Desde el punto de vista estadístico, solo con visiones independientes sobre los problemas sociales, es posible acercarse a la realidad. Cuando muchos o pocos piensan de la misma manera –sesgo de falso consenso–, la posibilidad de error aumenta. Individualmente, algunos sobrestiman las causas mientras otros las subestiman; pero cuando muchos juicios se promedian, el resultado –sin ser perfecto– se aproxima a la verdad. En esta medida, todos los individuos analizan la misma situación, por lo que las conclusiones tienen una base común. Además, los errores que unos cometen serían independientes de las fallas de otros, así que –en ausencia de un sesgo sistemático– tienden disminuir. Sin embargo, esto supone que los análisis son independientes y que los eventuales errores no guardan correlación, pues si las personas comparten un sesgo, la agregación nos los reduce [8].
En esta medida, una de las condiciones esenciales de la democracia no es la asimilación acrítica de datos académicos. Todo lo contrario, consiste en saber trabajar con la información disponible de forma objetiva e independiente.

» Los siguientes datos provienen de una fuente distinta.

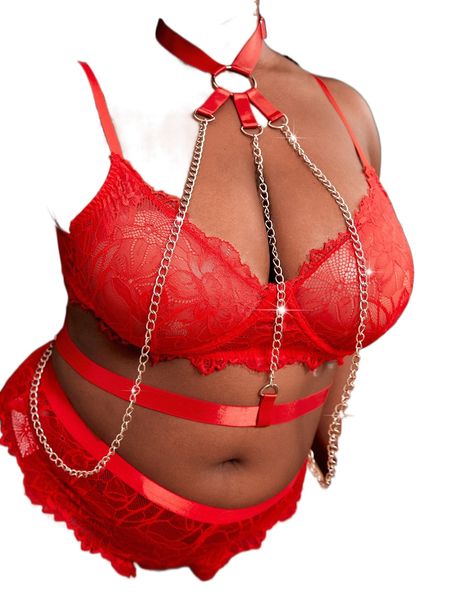 

plus o-ring detail chain linked harness bra o8sm#, Black;white
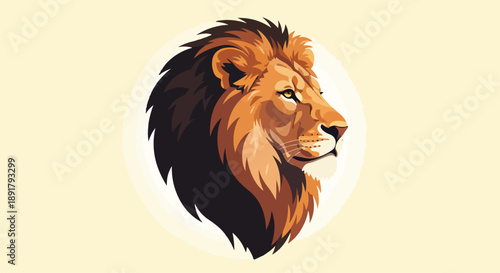 Majestic African Lion illustration in a cinematic style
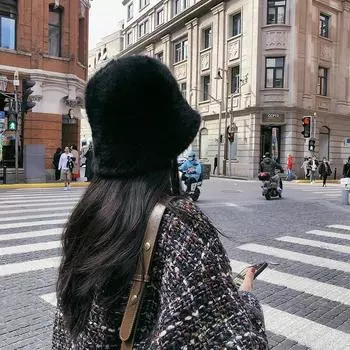 Small face hat female autumn and winter cute rabbit plush bucket hat versatile bucket hat thermal basin hat tide M56-58cm хаки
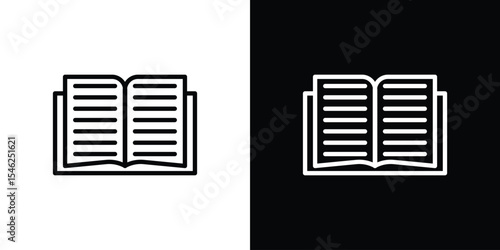 Book icon in black. flat graphic vector icon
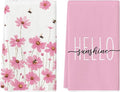 Artoid Mode Pink Flowers Bee Hello Sunshine Spring Kitchen Towels Dish Towels by ArtoidMode
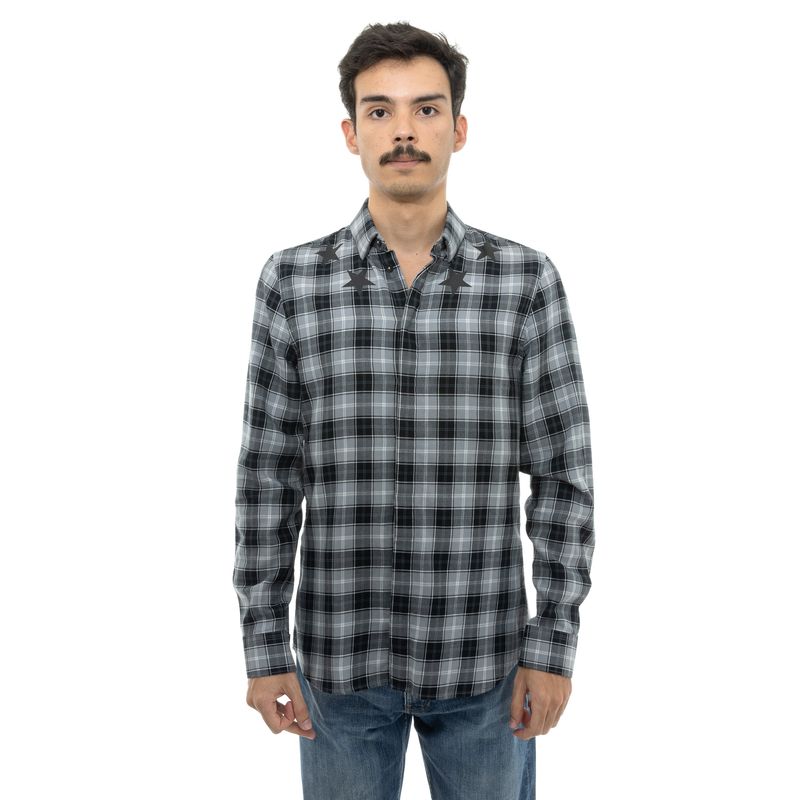 Camisa-Givenchy-Xadrez-Branco-e-Preto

Es decir, no es qué pensamos sino cómo pensamos. En esta medida, determinar si somos lo suficientemente racionales para vivir en una democracia supone responder si individual y colectivamente tenemos la capacidad de tomar las medidas pertinentes para que los sesgos del pensamiento no nos afecten demasiado. Aunque la respuesta depende cada del análisis de cada lector, no cabe duda de que el llamado es a permanecer alerta frente a la posibilidad de error en nuestras ideas y acciones: aceptar humildemente que estamos expuestos a equivocaciones sistemáticas, nos lleva a mejorar como personas; además, cuando la conciencia de esta situación se masifica, existe la posibilidad de que la sociedad también mejore en su conjunto.
[1] Integrante del Grupo de Estudio de Derecho Público, Nivel VI, adscrito al Centro de Estudios de Derecho Administrativo -CEDA-. Abogado de la Universidad de Antioquia, Especialista en Derecho Administrativo y Magister en Derecho de la Universidad Pontificia Bolivariana.
[2] ARISTÓTELES. Política. Madrid. Gredos, 1988. pp. 50-51.
[3] Cfr. PINKER, Steven. Cómo funciona la mente. Barcelona: Ediciones Destino, 2008.
[4] ARISTÓTELES, Ob. cit., p. 172.
[5] CAPLAN, Bryan. El mito del votante racional: por qué las democracias prefieren las malas políticas. Princeton: Innisfree, 2016. p. 48.
[6] Cfr. KAHNEMAN, Daniel. Pensar rápido, pensar despacio. Madrid: Editorial Debate, 2013.
[7] BRENAN, Jason. Contra la democracia. Madrid: Deusto, 2018. p. 162.
[8] Cfr. SUROWIECKI, James. Cien mejor que uno: la sabiduría de la multitud o por qué la mayoría siempre es más inteligente que la minoría. Barcelona: Urano, 2004.